今日はこの話題です……
12月27日、韓国の次期大統領候補である、最大野党「共に民主党」の李在明氏が外国メディアを対象にした記者会見で、日本について「武力で侵攻、占拠した侵略国家だ……今の態度からみると、軍事的に敵対性が完全に解消されたとはいえない」とし、北朝鮮については「(金正恩委員長と)当然、会わなければならない」とこれまでの北朝鮮政策を大幅に見直す考えを示しました。
相変わらずの発言ですね。
李在明氏については、以前「李在明が大統領になったらどうなるか」で述べたことがありますけれども、「韓国のトランプ」とも呼ばれている李在明氏は、日韓軍事情報包括保護協定や慰安婦合意に反対していますけれども、その理由として「韓国国民が望まないものを正統性のない政治権力と合意をしても、損失をもたらす」と韓国世論を上げています。
件のエントリーで筆者は李在明氏についてポピュリズム的な傾向があるのではないかと述べましたけれども、昨年結ばれた慰安婦合意に対する韓国世論は否定側に触れ始めています。
12月29日、世論調査会社のリアルメーターが成人525人を対象に実施した調査では、慰安婦の日韓合意について、「破棄すべきだ」と回答した割合が59%に上ったのに対し、「維持すべきだ」は25.5%と、去年の合意直後の調査で、「合意は誤りだ」が50.7%と8ポイント以上上昇し、「評価する」の43.3%から18ポイント近く減少しています。
これは、朴政権に対する批判的な世論を反映したものだという見方もあるようですけれども、当事者の想いがどうなのかを置き去りにした意見だとしたら意味がありません。
日韓合意によって設立された「和解・癒やし財団」は12月23日までに、財団から癒やし金を受け取る意思を明らかにした34人の生存被害者のうち、29人に1億ウォンずつの支給を終え、追加で2人にも年内に支給を完了する計画だと明らかにしています。
要するに、所謂元慰安婦は、日韓合意を認めている訳です。
李在明氏はこれを引っ繰り返すといっている。
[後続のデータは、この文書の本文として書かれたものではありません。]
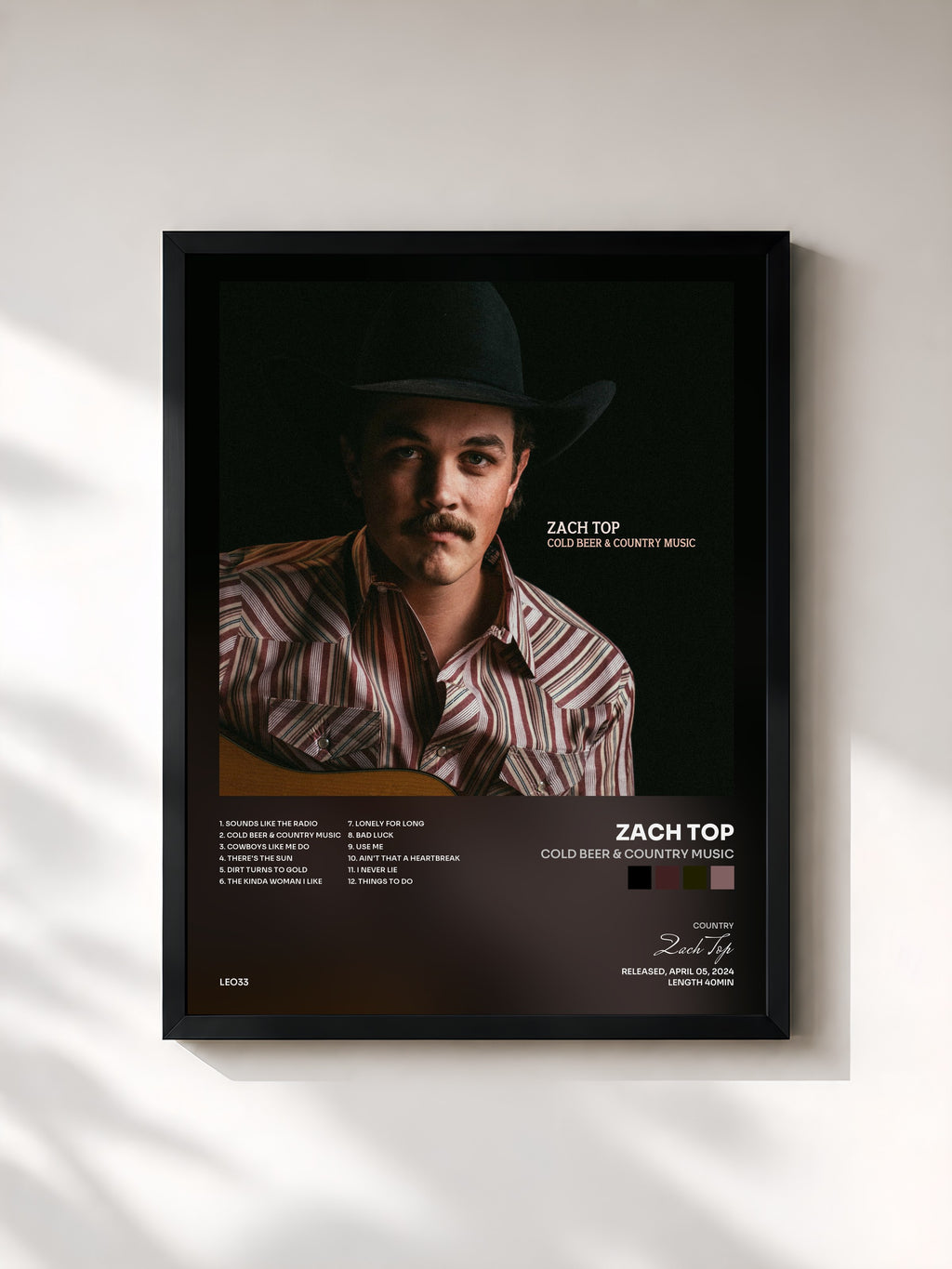 #noir Tableau de l'album Cold Beer & Country Music de Zach Top, cadre noir, imprimé et encadré en France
ムービングゴールポストどころか、ゴールなんて無いのだと言っているようなものです。
12月2日のエントリー「デリート・ザ・ゴールポスト」で、次期大統領候補は、日韓軍事情報包括保護協定や慰安婦合意を最初から無かったことにすることを公約にするのではないかと述べましたけれども、まさにやっている訳です。
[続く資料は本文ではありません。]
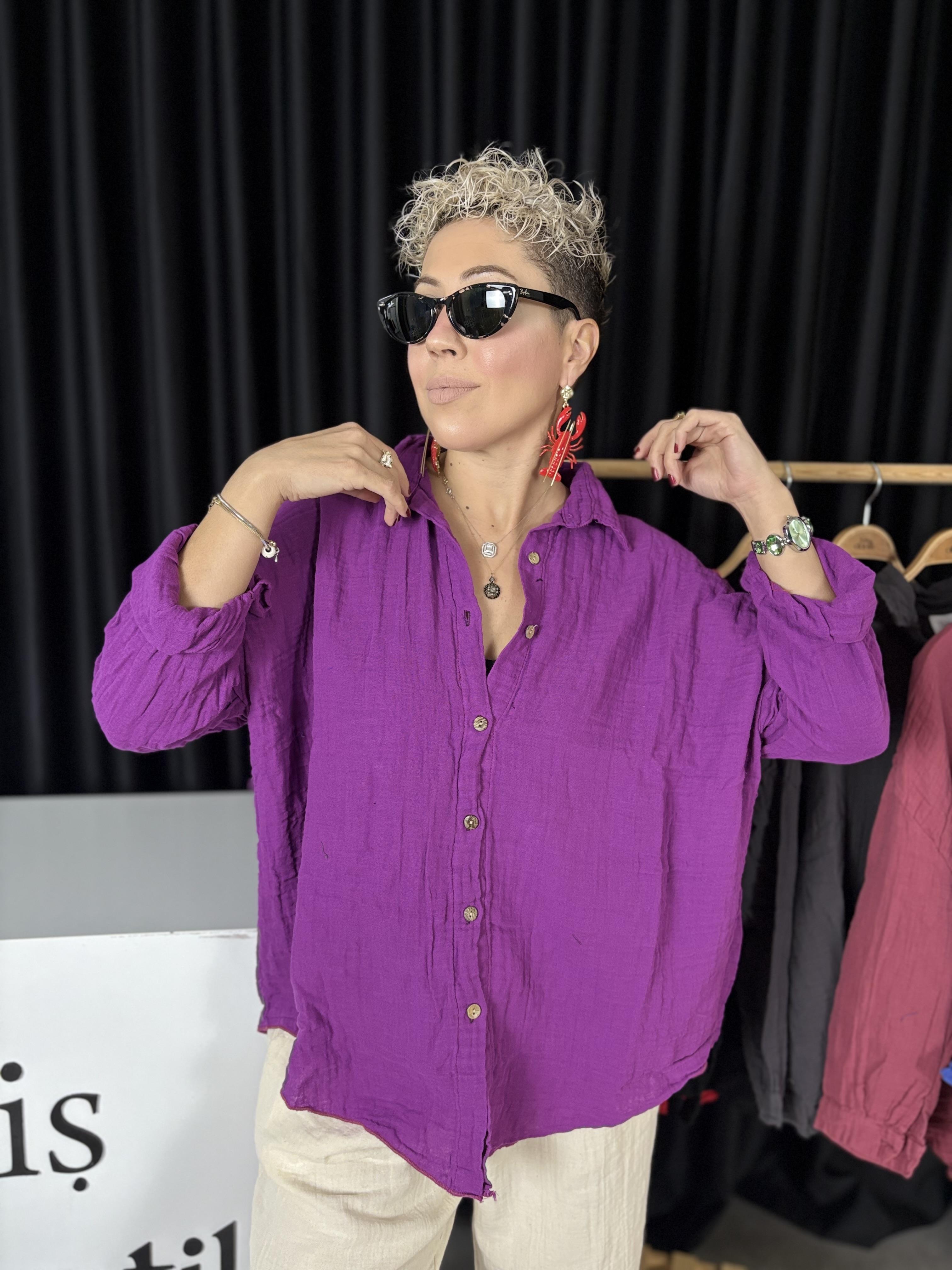 Müslin Mor Almina Gömlek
けれども、日韓合意はアメリカ立ち合いの下、交わされた二国間合意です。これを世論を理由にちゃぶ台返しするということは、前の政権で結ばれた合意事項を次期政権が引き継がずに反故にするということです。
前政権までの合意事項を踏襲しつつ、新たな見解を"上書き"するのとは訳が違います。本当にこのちゃぶ台返しをするのかどうかは分かりませんけれども、もしやってしまったら、韓国の国際的信用はゼロになりますし、外交交渉にも大きくマイナスになることは間違いありません。
李在明氏の過激発言が、単に大統領への票集めの為のものであり、大統領になれば現実路線になるのであれば、まだやりようがあるかもしれませんけれども、それまで煽りに煽った韓国世論を抑えることができるのか。
今はまだ様子見するしかありませんけれども、あまり良い未来図は浮かびませんね。